On or about July 24,1987, Defendant’s real estate broker’s license was revoked by the State of Hawai'i (the State) for deceptive business practices. At the same time, Beneficial Realty, Inc. (Beneficial), where Defendant was the principal broker, had its real estate license suspended by the State. Both Defendant and Beneficial did not have their licenses reissued or reinstated.

In early February 1988, Romero and Defendant met and became romantically involved. Defendant told Romero that “he was a realtor and had expertise in the real estate business.” A few months after they met, Romero purchased a condominium unit in the “Waiau Gardens Kai” complex for $100,000. Through this transaction, Beneficial was paid a $3,000 commission.

Romero also owned a home on Hapaki Street. On May 16,1988, she refinanced the mortgage on her Hapaki Street property for $150,000. After paying off the first mortgage, she received $93,345.30. This money was deposited in an interest bearing account at the rate of seven percent while Defendant searched for suitable real estate investments.

During October 1988, Romero purchased Apartment No. 1521 in the Island Colony condominium project for $85,000 (Island Colony Apartment). Romero paid a $35,000 down payment with the remaining balance payable in monthly installments. On November 5, 1988, Romero entered into an Option to Purchase agreement with Beneficial for the Island Colony Apartment. The agreement gave Beneficial an option to purchase the apartment for $85,000. The option was good until December 15, 1991. In addition, Beneficial agreed to rent the apartment *453 for $1,260 per month beginning in December 15, 1988. Defendant asserts in his opening brief that this lease-option arrangement with Beneficial was temporary and to be replaced by “new ones as soon as his pending petition for change of name to LEO PARENTI [(Parenti)] was approved by the State of Oregon.”

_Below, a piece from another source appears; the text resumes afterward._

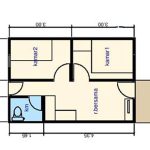 Desain Rumah 4×6 2 Kamar Desain Rumah 4×6 2 Kamar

A month and a half after purchasing the Island Colony Apartment, Romero purchased Apartment No. 411 in the Marine Surf Waikiki condominium project for $75,000 (Marine Surf Apartment). She paid a $22,500 down payment and obtained a mortgage loan from First Nationwide Bank for the remaining balance. The mortgage was recorded on December 19,1988.

On February 20, 1989, Romero entered into two separate Lease and Option to Purchase Agreements (Options) with Parenti. The Options gave Parenti’s address as “383 South State St., #273, Lake Oswego, OR 97034[.]” The first Option provided that Parenti had the option to purchase the Island Colony Apartment commencing on March 1, 1989 until November 15, 1991, for $85,000. The second Option gave Parenti the option to purchase the Marine Surf Apartment for $80,000 between March 1, 1989 and March 1, 1992. The Options indicated that Parenti obtained the option to purchase the two properties after paying Romero $6,000 for each agreement. On July 24, 1989, notarized copies of the Options were recorded with the land court. A notary from Washoe County from the State of Nevada certified that Leo Parenti appeared before him on April 11, 1989, and that this person was the one “described in and who executed” the Options.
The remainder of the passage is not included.